## [What you are asked to do]
The listing has to be given again in full and exactly.

## [Extracted information]
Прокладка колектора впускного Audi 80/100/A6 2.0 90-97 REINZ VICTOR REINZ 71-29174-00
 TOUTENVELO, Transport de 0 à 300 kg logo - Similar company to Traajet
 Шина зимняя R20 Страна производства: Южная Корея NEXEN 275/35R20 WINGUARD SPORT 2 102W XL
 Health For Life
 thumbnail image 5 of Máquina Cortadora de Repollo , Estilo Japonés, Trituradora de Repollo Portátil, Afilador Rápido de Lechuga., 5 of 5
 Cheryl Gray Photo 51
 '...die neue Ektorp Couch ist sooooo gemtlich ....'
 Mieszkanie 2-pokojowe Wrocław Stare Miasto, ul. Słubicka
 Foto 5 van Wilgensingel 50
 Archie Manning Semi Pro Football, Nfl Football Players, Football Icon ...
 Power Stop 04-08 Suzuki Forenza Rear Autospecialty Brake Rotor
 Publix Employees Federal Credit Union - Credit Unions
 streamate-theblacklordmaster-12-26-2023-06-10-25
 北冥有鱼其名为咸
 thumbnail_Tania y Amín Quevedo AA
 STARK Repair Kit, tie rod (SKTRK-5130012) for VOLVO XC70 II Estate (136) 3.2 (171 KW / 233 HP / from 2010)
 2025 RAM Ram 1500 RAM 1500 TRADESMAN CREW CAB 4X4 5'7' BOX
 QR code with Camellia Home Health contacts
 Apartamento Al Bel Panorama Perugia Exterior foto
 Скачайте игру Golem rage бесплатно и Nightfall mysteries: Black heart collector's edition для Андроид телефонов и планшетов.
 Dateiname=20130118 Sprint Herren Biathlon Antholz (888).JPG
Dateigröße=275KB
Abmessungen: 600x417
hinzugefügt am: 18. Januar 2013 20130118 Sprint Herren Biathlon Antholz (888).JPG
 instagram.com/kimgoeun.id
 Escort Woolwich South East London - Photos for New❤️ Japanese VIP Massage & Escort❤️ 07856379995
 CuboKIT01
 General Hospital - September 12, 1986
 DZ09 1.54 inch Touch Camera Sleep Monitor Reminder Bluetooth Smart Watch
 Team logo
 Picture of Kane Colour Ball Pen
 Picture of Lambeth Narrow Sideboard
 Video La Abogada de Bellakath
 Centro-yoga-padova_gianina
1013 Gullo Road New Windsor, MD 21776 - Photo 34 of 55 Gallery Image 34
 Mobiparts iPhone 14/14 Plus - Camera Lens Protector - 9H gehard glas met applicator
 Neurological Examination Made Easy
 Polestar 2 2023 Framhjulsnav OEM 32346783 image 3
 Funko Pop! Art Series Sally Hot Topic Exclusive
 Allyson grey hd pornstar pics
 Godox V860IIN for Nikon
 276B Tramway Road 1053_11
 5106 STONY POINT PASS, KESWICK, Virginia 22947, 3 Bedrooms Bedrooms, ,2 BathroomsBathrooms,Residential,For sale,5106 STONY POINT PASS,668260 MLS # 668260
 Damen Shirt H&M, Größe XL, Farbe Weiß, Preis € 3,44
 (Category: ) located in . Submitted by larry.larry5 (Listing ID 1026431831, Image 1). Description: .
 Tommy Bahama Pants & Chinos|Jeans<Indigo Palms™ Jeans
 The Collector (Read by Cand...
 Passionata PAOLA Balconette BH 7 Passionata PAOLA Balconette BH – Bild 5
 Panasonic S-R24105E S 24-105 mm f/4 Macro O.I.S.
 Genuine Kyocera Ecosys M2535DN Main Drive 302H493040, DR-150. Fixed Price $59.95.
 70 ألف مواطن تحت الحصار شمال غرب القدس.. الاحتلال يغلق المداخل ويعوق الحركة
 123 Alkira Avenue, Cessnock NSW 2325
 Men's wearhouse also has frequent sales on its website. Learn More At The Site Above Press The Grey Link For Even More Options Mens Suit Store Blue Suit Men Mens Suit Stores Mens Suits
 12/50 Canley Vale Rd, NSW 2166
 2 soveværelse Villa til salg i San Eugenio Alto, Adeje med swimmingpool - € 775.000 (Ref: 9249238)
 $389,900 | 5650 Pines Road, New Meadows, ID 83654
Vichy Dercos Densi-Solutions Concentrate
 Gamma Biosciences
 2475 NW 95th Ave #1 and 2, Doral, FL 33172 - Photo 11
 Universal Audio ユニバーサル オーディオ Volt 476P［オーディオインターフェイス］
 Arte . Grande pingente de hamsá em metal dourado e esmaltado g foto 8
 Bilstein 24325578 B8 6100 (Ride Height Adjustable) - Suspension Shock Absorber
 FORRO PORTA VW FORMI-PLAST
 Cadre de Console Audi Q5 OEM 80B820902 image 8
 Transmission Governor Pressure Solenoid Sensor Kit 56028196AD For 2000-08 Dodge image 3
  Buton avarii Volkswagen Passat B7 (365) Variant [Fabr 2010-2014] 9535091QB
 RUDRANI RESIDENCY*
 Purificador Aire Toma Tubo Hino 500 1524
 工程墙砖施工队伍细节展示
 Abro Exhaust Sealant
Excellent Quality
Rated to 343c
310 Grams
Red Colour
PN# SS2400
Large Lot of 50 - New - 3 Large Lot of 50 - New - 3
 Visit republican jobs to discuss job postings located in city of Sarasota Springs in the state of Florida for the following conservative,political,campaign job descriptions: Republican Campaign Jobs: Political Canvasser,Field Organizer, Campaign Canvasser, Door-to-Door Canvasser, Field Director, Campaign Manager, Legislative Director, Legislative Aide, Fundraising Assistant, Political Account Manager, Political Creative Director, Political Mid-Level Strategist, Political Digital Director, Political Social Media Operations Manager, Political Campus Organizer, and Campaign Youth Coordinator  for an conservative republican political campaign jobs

## [Exercise answer]
Прокладка колектора впускного Audi 80/100/A6 2.0 90-97 REINZ VICTOR REINZ 71-29174-00
 TOUTENVELO, Transport de 0 à 300 kg logo - Similar company to Traajet
 Шина зимняя R20 Страна производства: Южная Корея NEXEN 275/35R20 WINGUARD SPORT 2 102W XL
 Health For Life
 thumbnail image 5 of Máquina Cortadora de Repollo , Estilo Japonés, Trituradora de Repollo Portátil, Afilador Rápido de Lechuga., 5 of 5
 Cheryl Gray Photo 51
 '...die neue Ektorp Couch ist sooooo gemtlich ....'
 Mieszkanie 2-pokojowe Wrocław Stare Miasto, ul. Słubicka
 Foto 5 van Wilgensingel 50
 Archie Manning Semi Pro Football, Nfl Football Players, Football Icon ...
 Power Stop 04-08 Suzuki Forenza Rear Autospecialty Brake Rotor
 Publix Employees Federal Credit Union - Credit Unions
 streamate-theblacklordmaster-12-26-2023-06-10-25
 北冥有鱼其名为咸
 thumbnail_Tania y Amín Quevedo AA
 STARK Repair Kit, tie rod (SKTRK-5130012) for VOLVO XC70 II Estate (136) 3.2 (171 KW / 233 HP / from 2010)
 2025 RAM Ram 1500 RAM 1500 TRADESMAN CREW CAB 4X4 5'7' BOX
 QR code with Camellia Home Health contacts
 Apartamento Al Bel Panorama Perugia Exterior foto
 Скачайте игру Golem rage бесплатно и Nightfall mysteries: Black heart collector's edition для Андроид телефонов и планшетов.
 Dateiname=20130118 Sprint Herren Biathlon Antholz (888).JPG
Dateigröße=275KB
Abmessungen: 600x417
hinzugefügt am: 18. Januar 2013 20130118 Sprint Herren Biathlon Antholz (888).JPG
 instagram.com/kimgoeun.id
 Escort Woolwich South East London - Photos for New❤️ Japanese VIP Massage & Escort❤️ 07856379995
 CuboKIT01
 General Hospital - September 12, 1986
 DZ09 1.54 inch Touch Camera Sleep Monitor Reminder Bluetooth Smart Watch
 Team logo
 Picture of Kane Colour Ball Pen
 Picture of Lambeth Narrow Sideboard
 Video La Abogada de Bellakath
 Centro-yoga-padova_gianina
1013 Gullo Road New Windsor, MD 21776 - Photo 34 of 55 Gallery Image 34
 Mobiparts iPhone 14/14 Plus - Camera Lens Protector - 9H gehard glas met applicator
 Neurological Examination Made Easy
 Polestar 2 2023 Framhjulsnav OEM 32346783 image 3
 Funko Pop! Art Series Sally Hot Topic Exclusive
 Allyson grey hd pornstar pics
 Godox V860IIN for Nikon
 276B Tramway Road 1053_11
 5106 STONY POINT PASS, KESWICK, Virginia 22947, 3 Bedrooms Bedrooms, ,2 BathroomsBathrooms,Residential,For sale,5106 STONY POINT PASS,668260 MLS # 668260
 Damen Shirt H&M, Größe XL, Farbe Weiß, Preis € 3,44
 (Category: ) located in . Submitted by larry.larry5 (Listing ID 1026431831, Image 1). Description: .
 Tommy Bahama Pants & Chinos|Jeans<Indigo Palms™ Jeans
 The Collector (Read by Cand...
 Passionata PAOLA Balconette BH 7 Passionata PAOLA Balconette BH – Bild 5
 Panasonic S-R24105E S 24-105 mm f/4 Macro O.I.S.
 Genuine Kyocera Ecosys M2535DN Main Drive 302H493040, DR-150. Fixed Price $59.95.
 70 ألف مواطن تحت الحصار شمال غرب القدس.. الاحتلال يغلق المداخل ويعوق الحركة
 123 Alkira Avenue, Cessnock NSW 2325
 Men's wearhouse also has frequent sales on its website. Learn More At The Site Above Press The Grey Link For Even More Options Mens Suit Store Blue Suit Men Mens Suit Stores Mens Suits
 12/50 Canley Vale Rd, NSW 2166
 2 soveværelse Villa til salg i San Eugenio Alto, Adeje med swimmingpool - € 775.000 (Ref: 9249238)
 $389,900 | 5650 Pines Road, New Meadows, ID 83654
Vichy Dercos Densi-Solutions Concentrate
 Gamma Biosciences
 2475 NW 95th Ave #1 and 2, Doral, FL 33172 - Photo 11
 Universal Audio ユニバーサル オーディオ Volt 476P［オーディオインターフェイス］
 Arte . Grande pingente de hamsá em metal dourado e esmaltado g foto 8
 Bilstein 24325578 B8 6100 (Ride Height Adjustable) - Suspension Shock Absorber
 FORRO PORTA VW FORMI-PLAST
 Cadre de Console Audi Q5 OEM 80B820902 image 8
 Transmission Governor Pressure Solenoid Sensor Kit 56028196AD For 2000-08 Dodge image 3
  Buton avarii Volkswagen Passat B7 (365) Variant [Fabr 2010-2014] 9535091QB
 RUDRANI RESIDENCY*
 Purificador Aire Toma Tubo Hino 500 1524
 工程墙砖施工队伍细节展示
 Abro Exhaust Sealant
Excellent Quality
Rated to 343c
310 Grams
Red Colour
PN# SS2400
Large Lot of 50 - New - 3 Large Lot of 50 - New - 3
 Visit republican jobs to discuss job postings located in city of Sarasota Springs in the state of Florida for the following conservative,political,campaign job descriptions: Republican Campaign Jobs: Political Canvasser,Field Organizer, Campaign Canvasser, Door-to-Door Canvasser, Field Director, Campaign Manager, Legislative Director, Legislative Aide, Fundraising Assistant, Political Account Manager, Political Creative Director, Political Mid-Level Strategist, Political Digital Director, Political Social Media Operations Manager, Political Campus Organizer, and Campaign Youth Coordinator  for an conservative republican political campaign jobs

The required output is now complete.